Flip the sign of the objective, solve the minimization, and flip the sign of the answer back. The
location \mathbf{x}^\star of the optimum is identical either way —
only the reported value changes sign. So a solver only ever needs to know how to go
downhill.
Likewise, a "\ge" constraint becomes a "\le"
one by negating it: g(\mathbf{x}) \ge 0 is the same rule as
-g(\mathbf{x}) \le 0. Every optimization problem can therefore be squeezed
into the one standard form above — which is why a single theory covers such a sprawling zoo of
applications.
Local versus global — the central difficulty
A point \mathbf{x}^\star is a local minimum if it beats
every feasible neighbour close by; it is a global minimum if it beats every feasible
point everywhere. A landscape can have many local minima but only the deepest is global.
Standing in a valley, you cannot tell by looking at your feet whether a deeper valley lies over the
next ridge — and that, in one sentence, is why optimization is hard.
The picture below is an objective f(x) = \sin x + 0.15\,x restricted to a
feasible interval. It dips into several local minima, each a little higher than the last because of
the upward drift. Reveal the steps: the feasible interval, then the local minima, then the single
global minimum among them.

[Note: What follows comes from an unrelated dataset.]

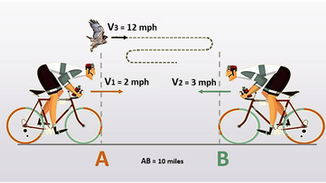 Two Cyclists and a Bird: cracking a tough problem in two simple steps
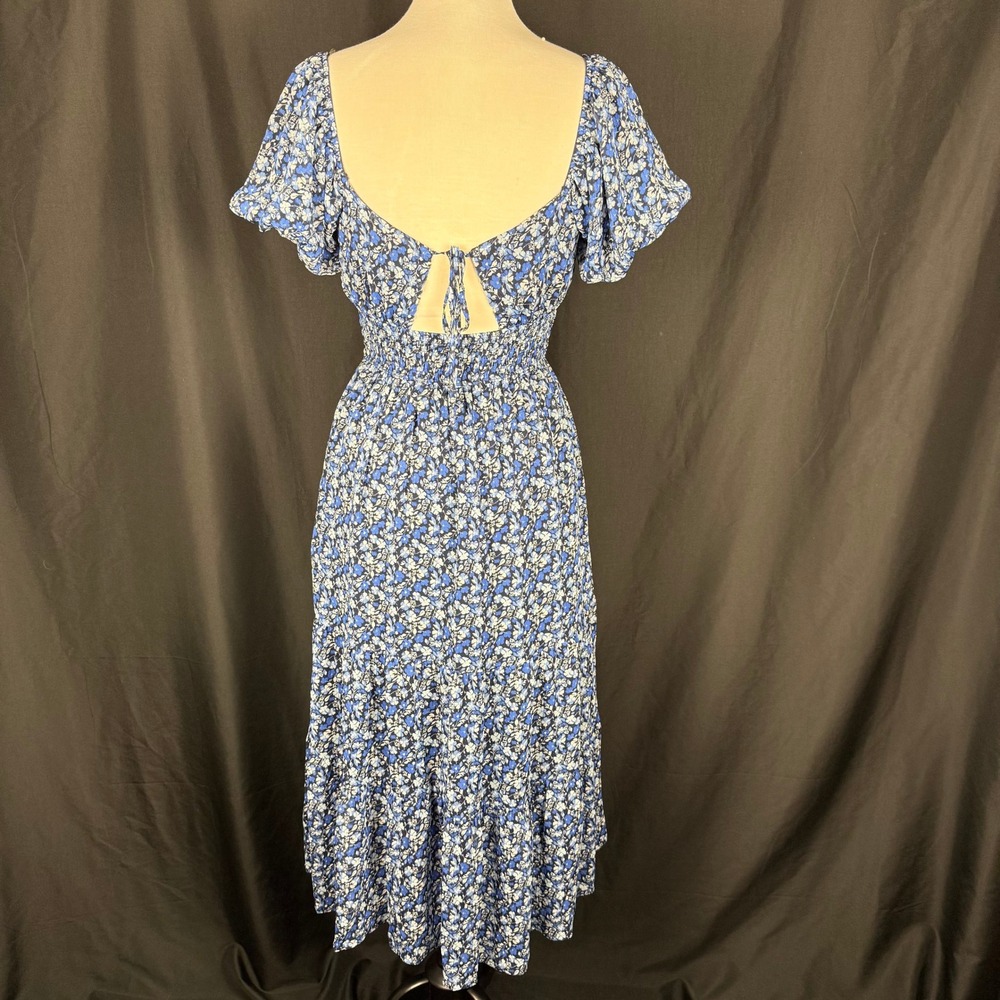 Trixxi Blue Floral Smocked Open Tie Back Maxi Dress M EUC Cottagecore - Picture 3 of 12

A greedy searcher that stopped at the first dip it found
would still be wrong about the whole picture.
A worked set-up: the fence problem
A farmer has 100 m of fencing and wants to enclose the largest possible
rectangular paddock against a straight river (so one side needs no fence). Turn the wish into
standard form.
Variables. Let the two sides perpendicular to the river each be
x and the side parallel be y.
Objective. Maximize the area A = xy — equivalently,
minimize -xy.
Constraints. The fence used is 2x + y = 100 (an equality),
and lengths are non-negative: x \ge 0,
y \ge 0 (inequalities).
Solve. The equality lets us eliminate y = 100 - 2x, so
A(x) = x(100 - 2x) = 100x - 2x^2. Then
A'(x) = 100 - 4x = 0 \Rightarrow x = 25, giving
y = 50 and area A = 1250 m². The feasible region
for x is the interval [0, 50]; the optimum sits
in its interior, and the boundary points x = 0 or
x = 50 give zero area. This is the whole optimization workflow in
miniature: name the variables, write the objective, list the constraints, then hunt the feasible
region for the best point.
In linear programming, integer programming, dynamic programming, the word
"programming" predates the electronic computer. It comes from military logistics of the 1940s, where
a program meant a schedule or plan of activities — how many tons of supplies
to move where and when. George Dantzig, who invented the simplex method in 1947, was literally
optimizing programs in that older sense: timetables and deployment plans for the U.S. Air Force. The
name stuck long after the meaning drifted, so "mathematical programming" is just the historical name
for optimization.
-
A local minimum is not automatically global. Finding a point where the objective
can't be improved locally tells you nothing about far-off valleys. Only special structure
— most importantly convexity
— promotes "local" to "global".
-
The optimum can hide on the boundary. Setting \nabla f = \mathbf{0}
only finds interior stationary points. On a constrained region the best feasible point may
sit on an edge or a corner where the gradient does not vanish at all — you must check the boundary
too.
-
Mind the sign when you flip max to min. Minimizing -f
finds the same location as maximizing f, but its reported value
is negated. Forget to flip it back and your "maximum profit" comes out negative.